Every line from the one with "Botas color latte" through the final line of the data below goes in the answer, copied exactly. Pictures do not.

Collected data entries
----
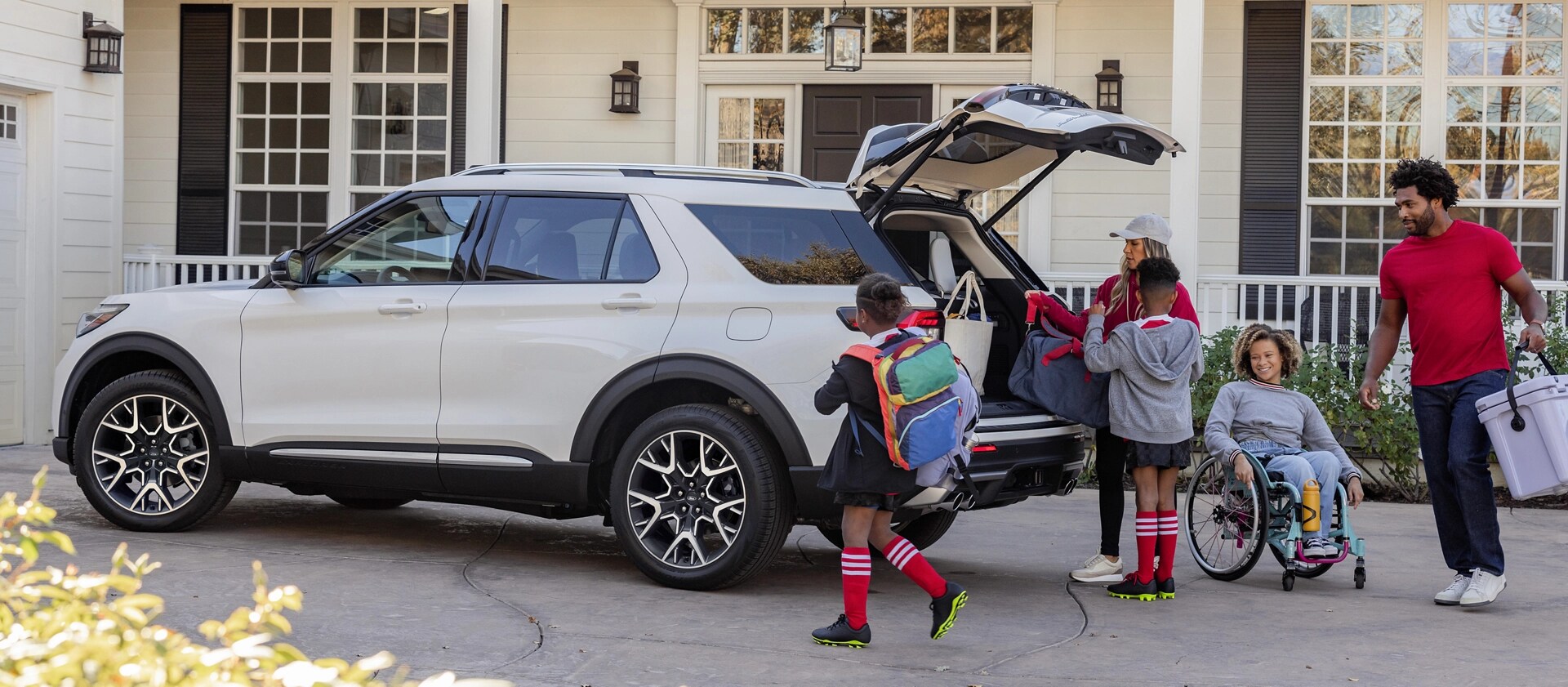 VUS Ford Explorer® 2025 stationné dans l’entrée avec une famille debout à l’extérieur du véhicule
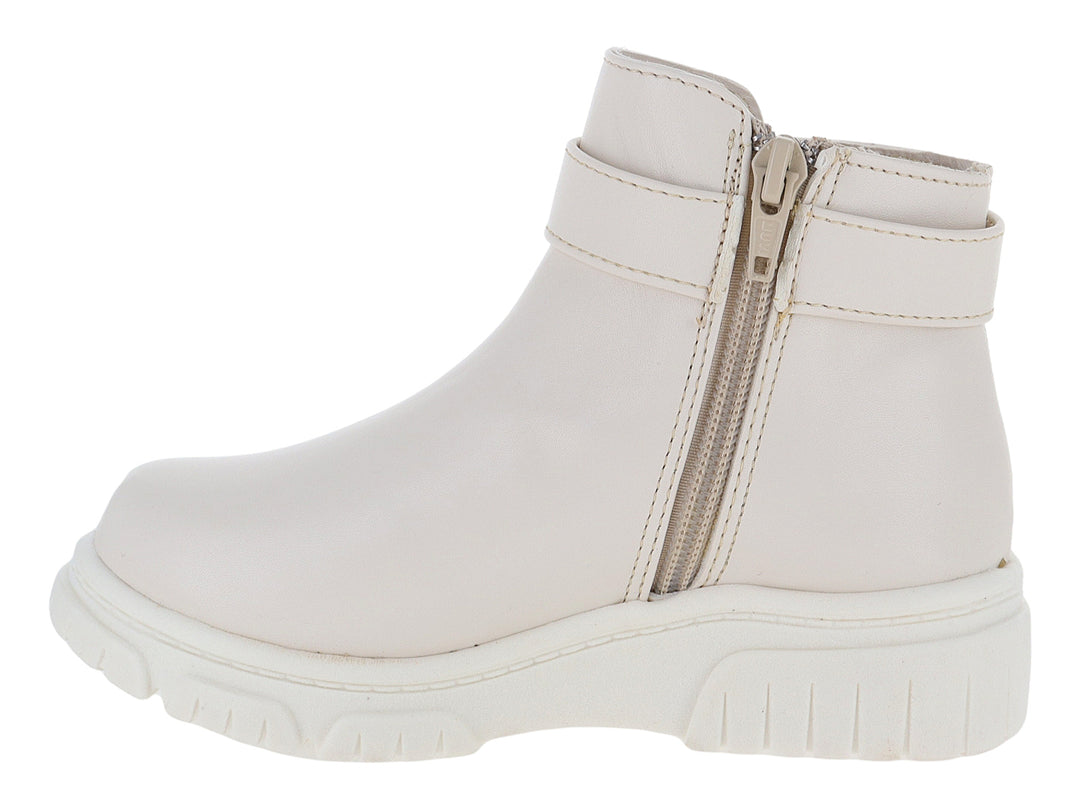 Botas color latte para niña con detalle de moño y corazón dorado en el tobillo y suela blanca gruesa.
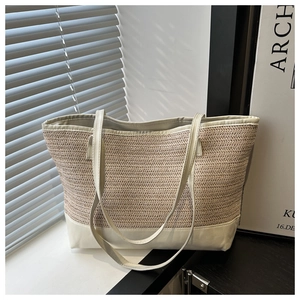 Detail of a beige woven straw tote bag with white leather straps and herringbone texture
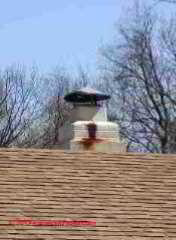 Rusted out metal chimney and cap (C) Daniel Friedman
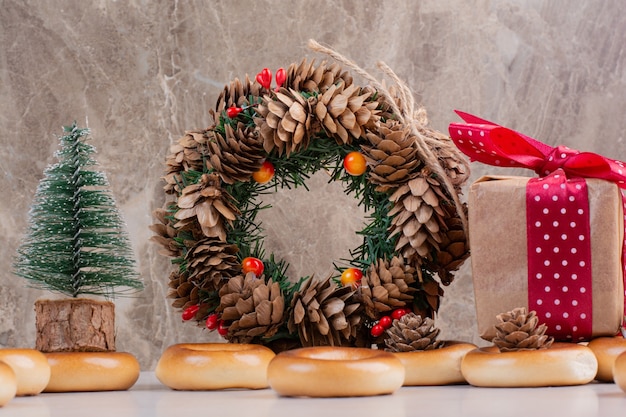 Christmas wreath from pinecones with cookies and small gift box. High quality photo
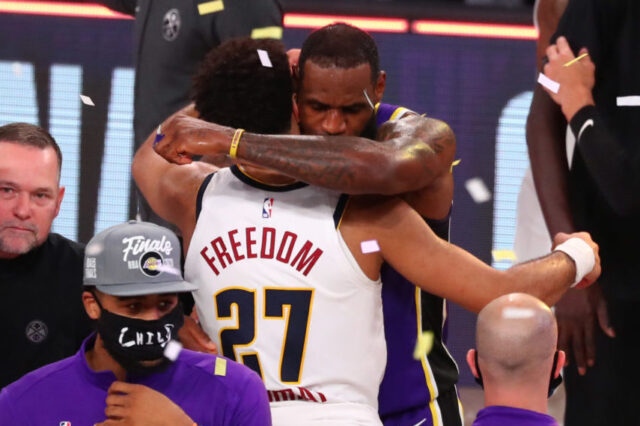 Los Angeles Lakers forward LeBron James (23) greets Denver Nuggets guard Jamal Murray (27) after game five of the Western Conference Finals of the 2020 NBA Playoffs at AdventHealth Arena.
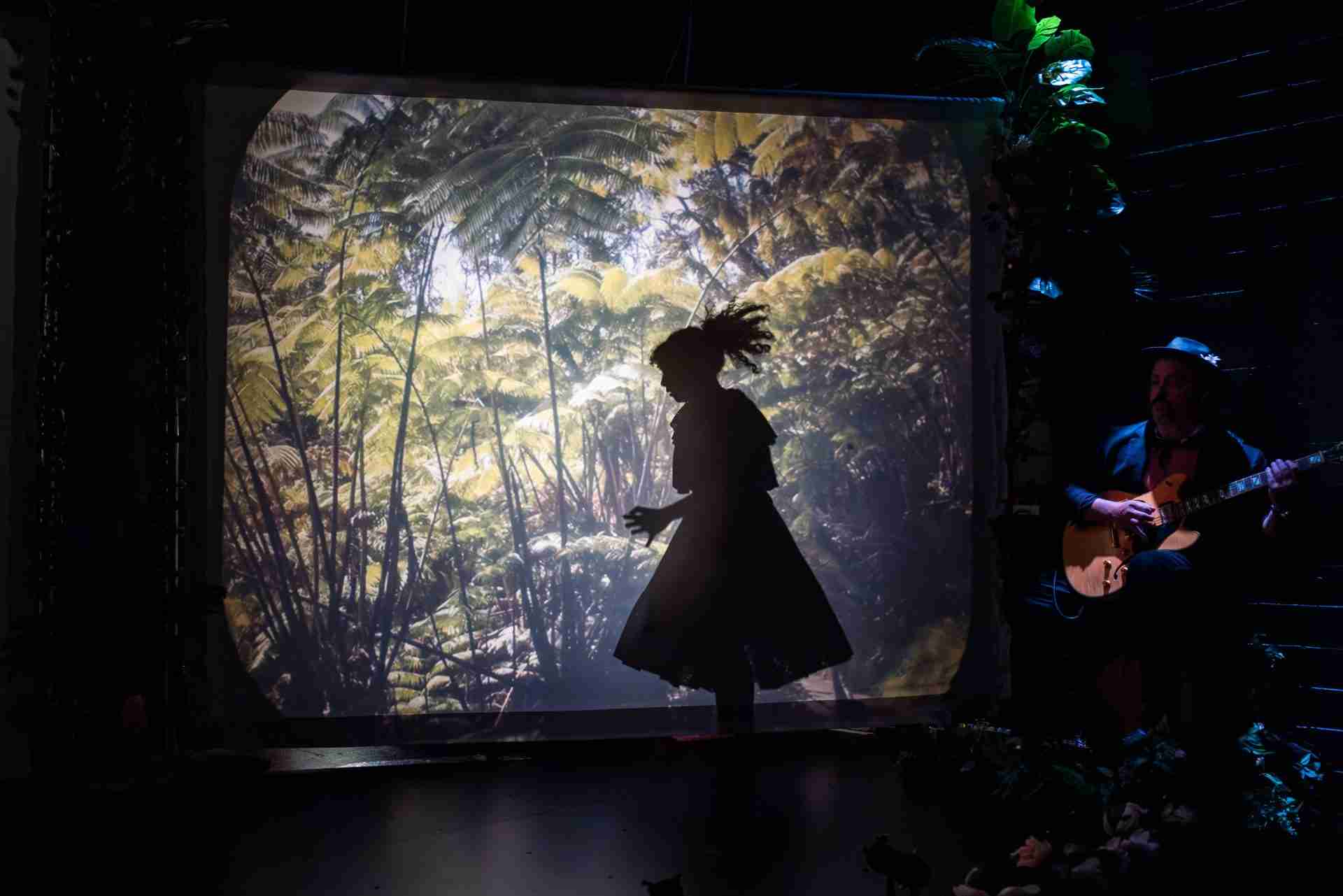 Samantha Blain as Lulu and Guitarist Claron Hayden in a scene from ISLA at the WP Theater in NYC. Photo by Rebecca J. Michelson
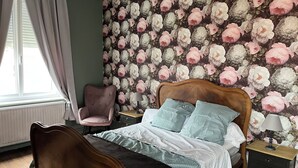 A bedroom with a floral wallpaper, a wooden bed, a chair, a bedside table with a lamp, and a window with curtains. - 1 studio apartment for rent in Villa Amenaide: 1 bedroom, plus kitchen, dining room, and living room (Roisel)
----
Task result:
 Botas color latte para niña con detalle de moño y corazón dorado en el tobillo y suela blanca gruesa.
 Detail of a beige woven straw tote bag with white leather straps and herringbone texture
 Rusted out metal chimney and cap (C) Daniel Friedman
 Christmas wreath from pinecones with cookies and small gift box. High quality photo
 Los Angeles Lakers forward LeBron James (23) greets Denver Nuggets guard Jamal Murray (27) after game five of the Western Conference Finals of the 2020 NBA Playoffs at AdventHealth Arena.
 Samantha Blain as Lulu and Guitarist Claron Hayden in a scene from ISLA at the WP Theater in NYC. Photo by Rebecca J. Michelson
 A bedroom with a floral wallpaper, a wooden bed, a chair, a bedside table with a lamp, and a window with curtains. - 1 studio apartment for rent in Villa Amenaide: 1 bedroom, plus kitchen, dining room, and living room (Roisel)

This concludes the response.